• _Supplied information_
▶
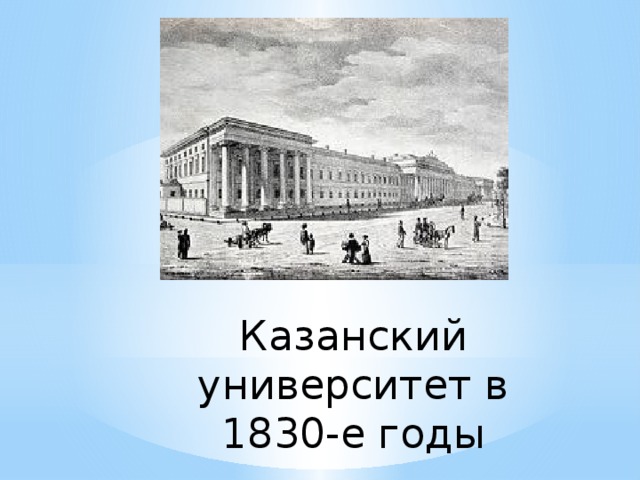 Казанский университет в 1830-е годы 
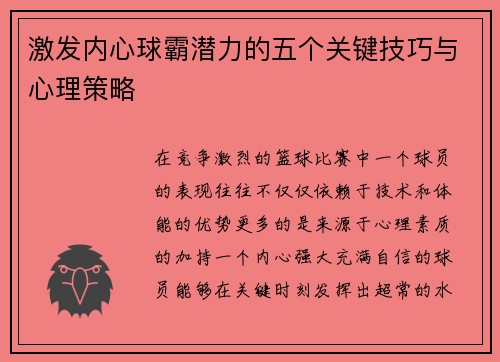 激发内心球霸潜力的五个关键技巧与心理策略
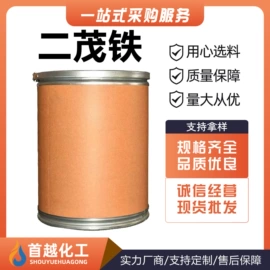 防水剂;洗涤剂;增塑剂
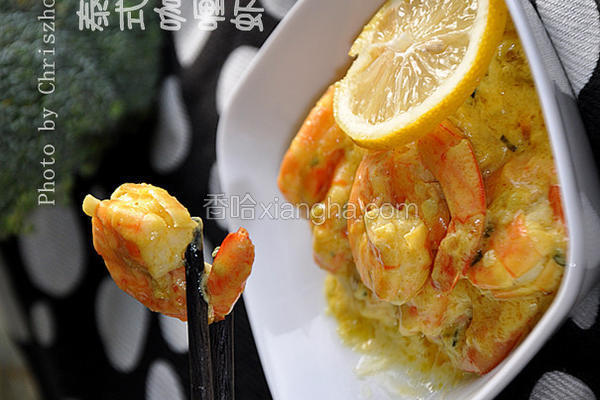 泰式咖喱虾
◀
• _Task brief_
In your copy of the listing, please omit the pictures and keep every word exact.

• _Your solution_
 Казанский университет в 1830-е годы 
 激发内心球霸潜力的五个关键技巧与心理策略
 防水剂;洗涤剂;增塑剂
 泰式咖喱虾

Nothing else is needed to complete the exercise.